DELETE FROM `user` WHERE (`first_name` = 'John' AND `birth_date` >= '1980-1-1') OR (`articles_count` < 3);

The command above deletes all Johns who were born after 1980 or all the users who wrote less than 3 articles.

WARNING, never forget the WHERE clause.

If you write just:


All the users in the table will be deleted.

SQL injection

SQL injection is a term referring to a violation of the database by malicious code from the user.

I've decided to insert this chapter right at the beginning of the course. If you get confused, don't worry about it, it's just so you knew about the risk. We'll always show how to communicate with the database safely in courses for the given programming language.

What's an SQL injection

Imagine that our user table is part of some application's database. And also that we allow the users (of our application) to delete users by their last name. Therefore, we'll put a variable carrying a value from the user into the query:

DELETE FROM `user` WHERE `last_name` = '$last_name';

$last_name is a variable that may contain the following text:


The final query will look like this:

DELETE FROM `user` WHERE `last_name` = 'Smith';

The query is executed and all the Smiths are deleted. That sounds like what we wanted. Now imagine what happens when someone enters this to the variable:

' OR 1 --

The resulting query would look like this:

DELETE FROM `user` WHERE `last_name` = '' OR 1 --';

Because 1 is always true from the logical point of view, the condition results in that either the user must have a blank last_name or true must apply (which applies). The query will then delete all the users in the table. The intruder removed the last quotation mark by an SQL comment sequence (two hyphens), which cancels everything in the query till the end of the line.

Smarter attackers can make an injection in any SQL statement, not only in DELETE.


Don't worry, the solution is very simple. The problem is caused by several special characters in the variable, such as quotation marks and few others. If we need these characters, we have to escape them by prepending a backslash before them. In our applications, the database driver solves it in some way, either it does it all alone, or we must first escape the data before it's inserted into the query. For sure, check this out before you start working with any database. If you stick to our courses, it's always mentioned there.

The escaped query would look like this:

DELETE FROM `user` WHERE `last'name` = '\' OR 1 --';

Such a query is harmless because the part inserted by the user is considered as text. The quote in the text isn't evaluated as part of the query which makes the comment ignored as well. Another way to protect our application against the injection is to avoid entering variable contents into queries at all. We then use wildcards (question marks) instead in such a query:

DELETE FROM `user` WHERE `last_name` = ?;

And the variables are sent to the database separately, all at once. It inserts the values into the query by itself so that there is no danger. However, this is just theory behind a particular database driver and, as I said, you can find it in the course for particular language, from which you're going to communicate with the database (for example, in the PHP section).

Editing the entries

Databases support 4 basic operations, commonly abbreviated to CRUD (Create, Read, Update, Delete). We already know how to create and delete rows. So we still miss updating and reading. We'll leave searching for the whole next article, but we're going to explain the editing today.

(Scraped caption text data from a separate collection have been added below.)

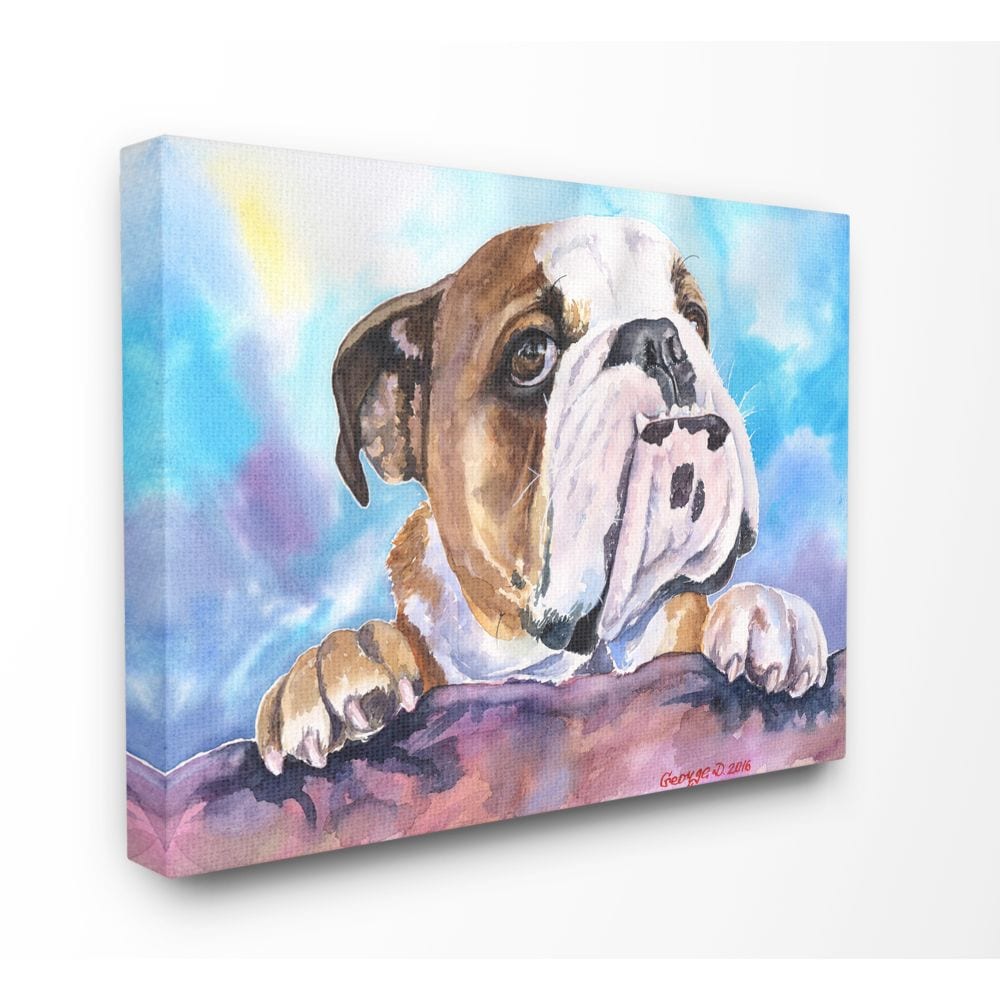 Stupell Industries PWP-245-CN-16X20 English Bulldog Dog Pet Animal Watercolor Painting George Dyachenko 20-in H x 16-in W Abstract Print on Canvas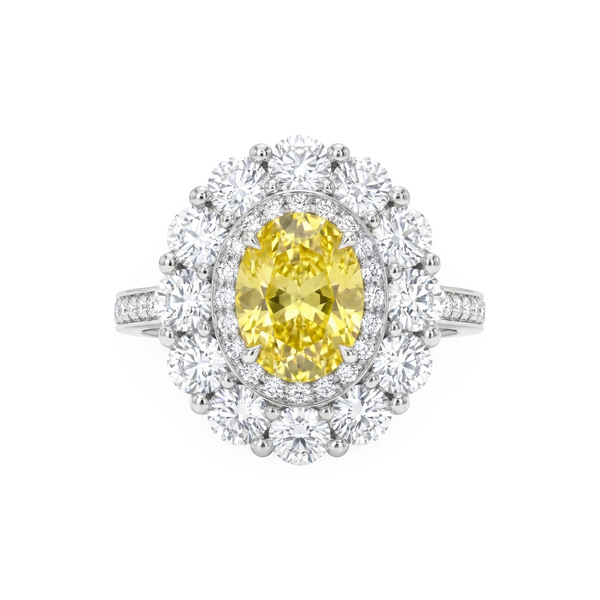 Velara Double Halo Ring – Yellow Sapphire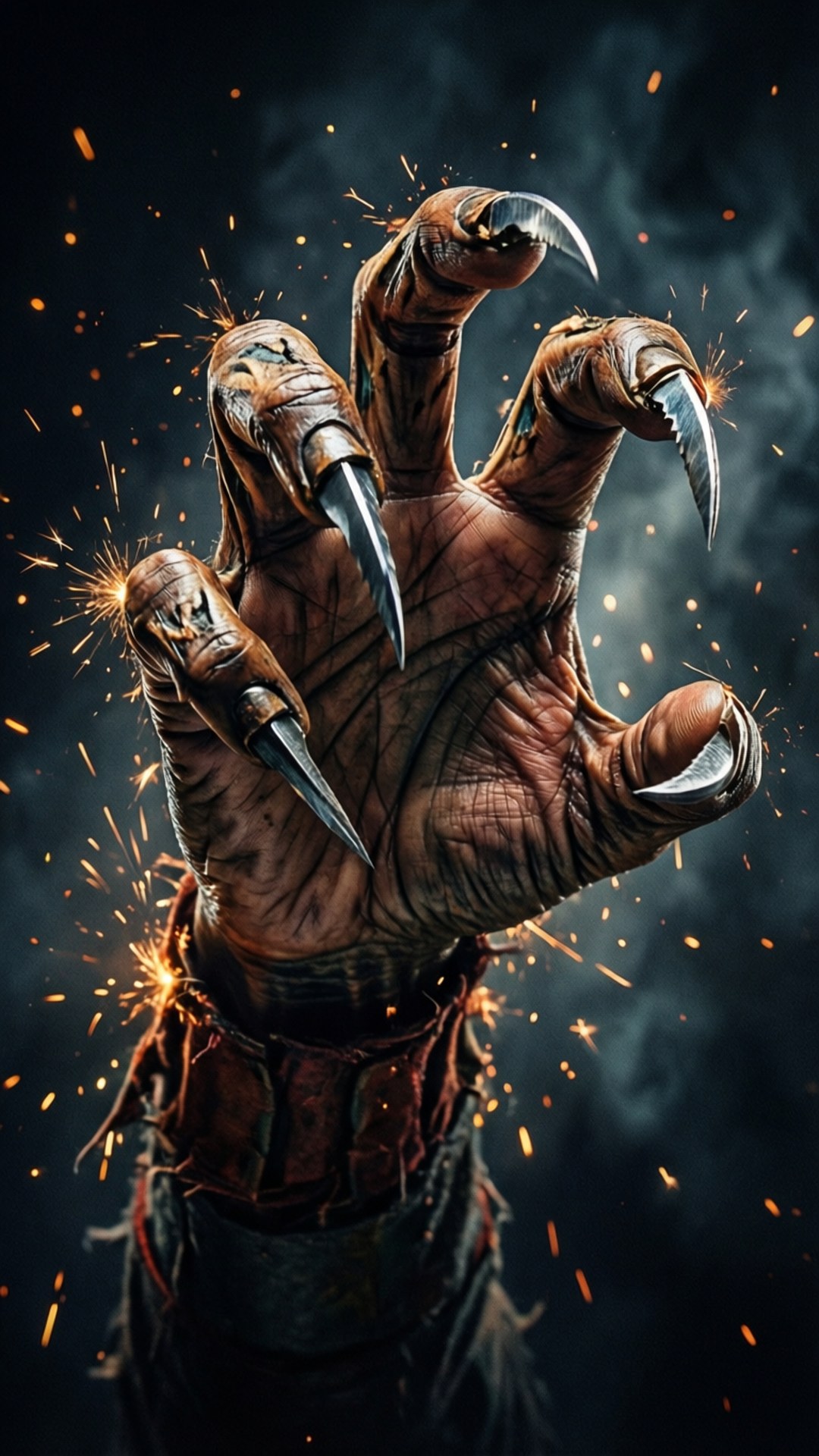 Claw of Nightmares 壁紙 — 一隻帶有金屬爪的怪誕手劃破黑暗，在戲劇性的特寫中飛出熾熱的火花。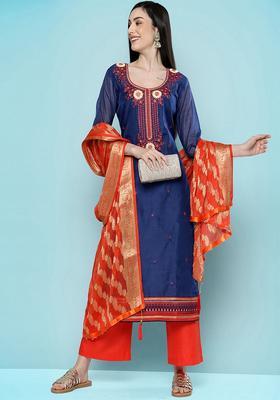 Blue Embroidery Silk Kurta Set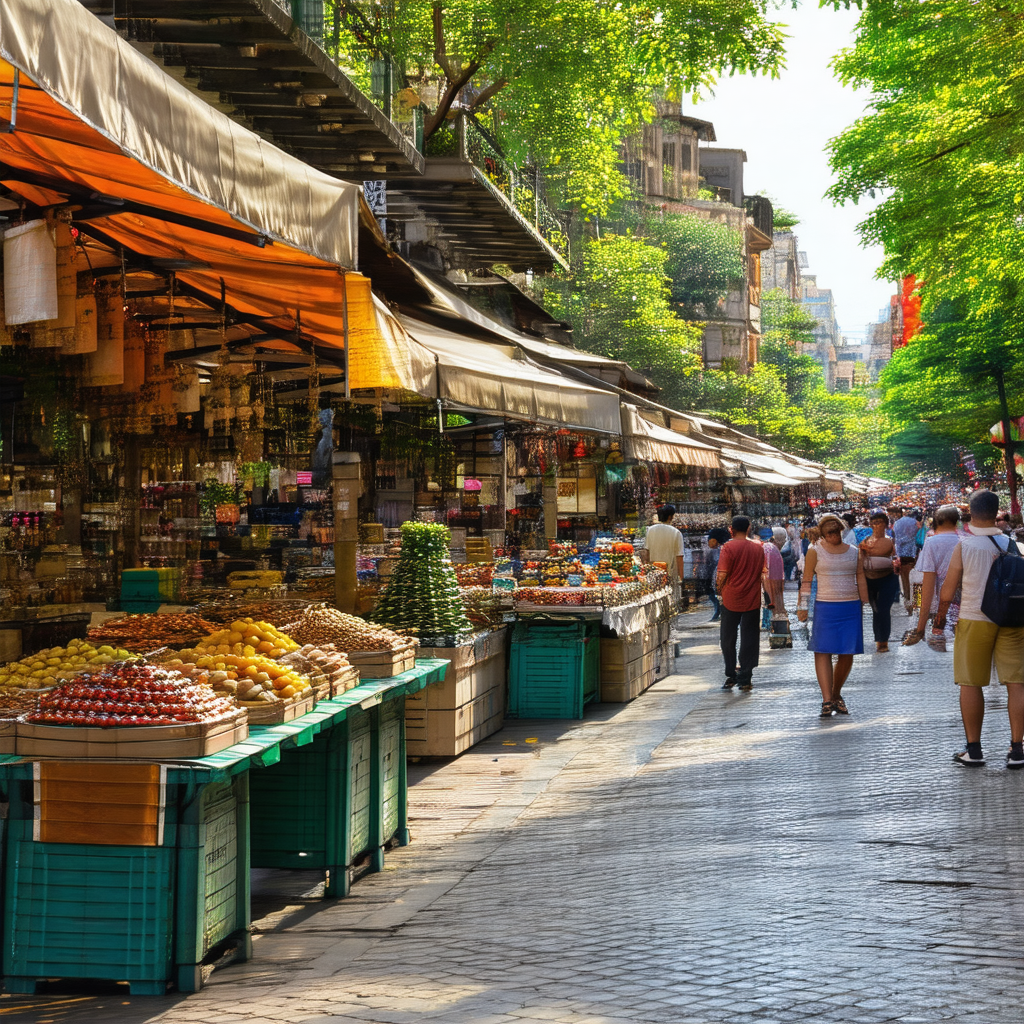 Bustling outdoor market filled with people shopping and w...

For sure, you'd figure out the editing in phpMyAdmin by yourself, you just open the table and click Edit next to the given entry. We use the UPDATE command to edit entries, editing one of the users could look like this:

UPDATE `user` SET `last_name` = 'Jackson', `articles_count` = `articles_count` + 1 WHERE `user_id` = 1;

After the UPDATE keyword, the name of the table follows. Then, there's SET and always the name of the column = value. We can change the values of multiple columns, we just separate them by commas. We can even use the previous value from the database and increase it by 1 as in the example above.